**Information shown:**

"""

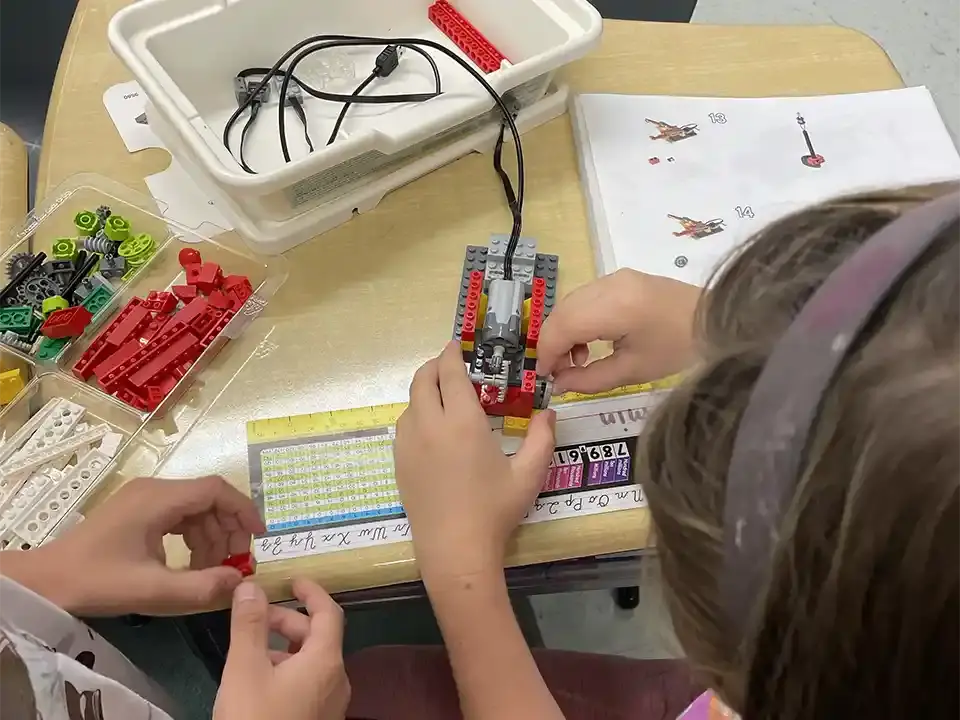 Support Benicia Unified School District's Elementary STEAM Wheel Program!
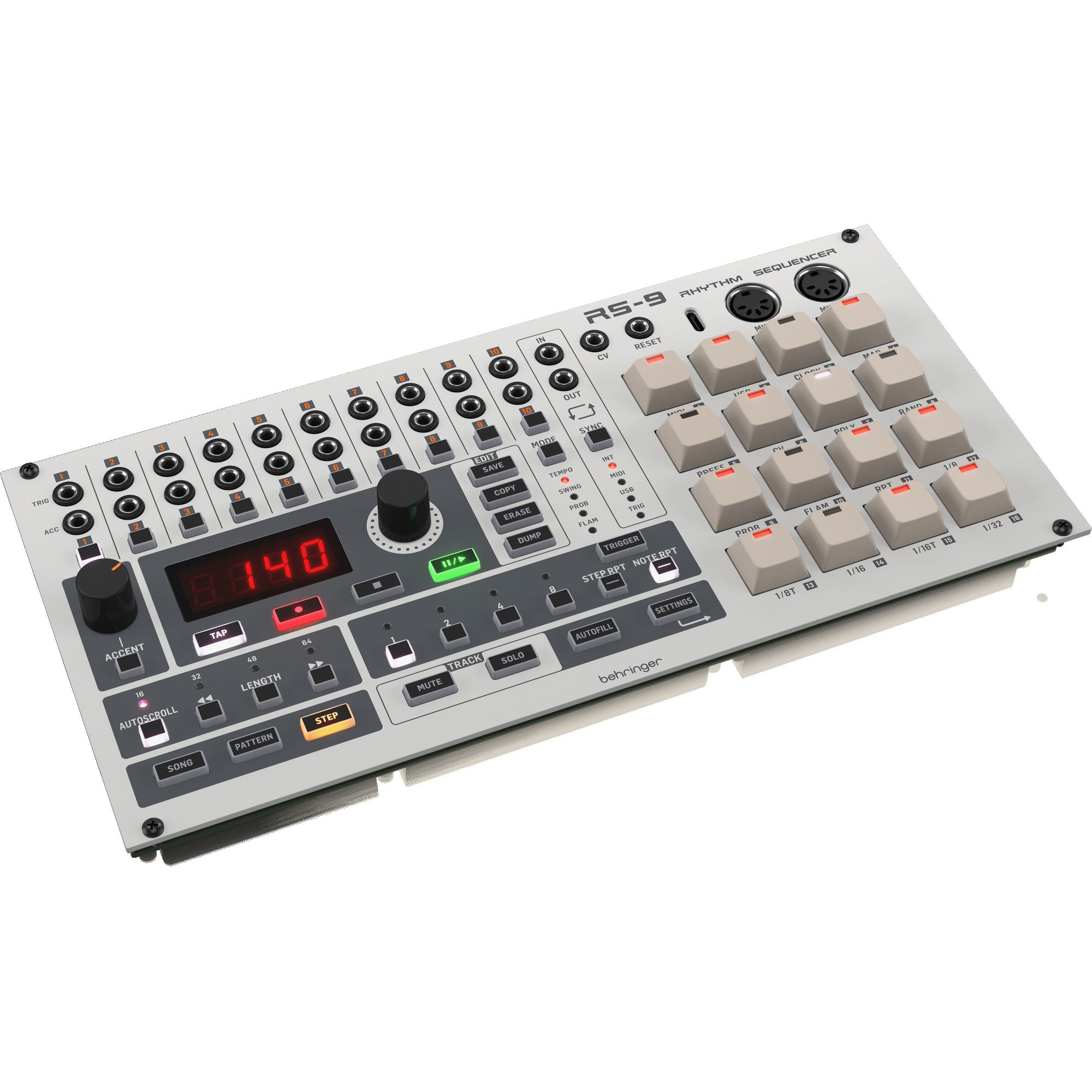 Behringer RS-9 по цене 16&nbsp;820 ₽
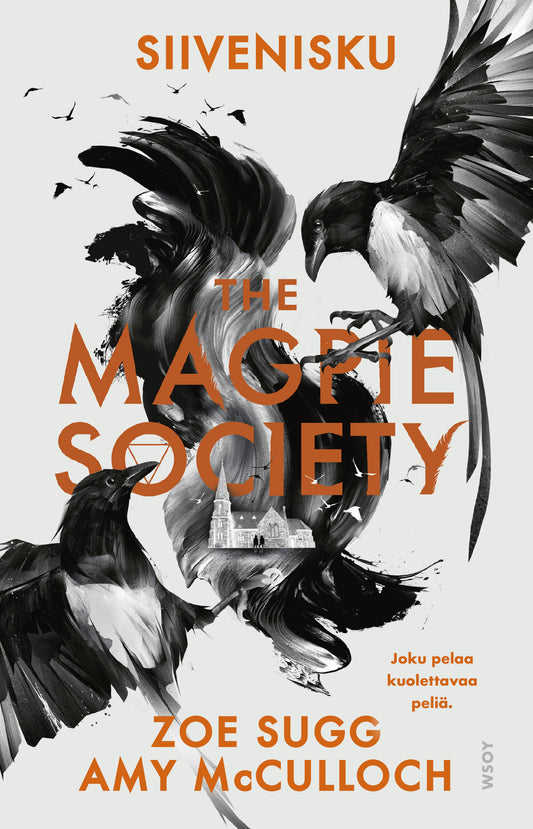 The Magpie Society: Siivenisku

"""

**Required work:**
The data needs to be reproduced exactly, please, apart from its pictures.

**Solution for this exercise:**
 Support Benicia Unified School District's Elementary STEAM Wheel Program!
 Behringer RS-9 по цене 16&nbsp;820 ₽
 The Magpie Society: Siivenisku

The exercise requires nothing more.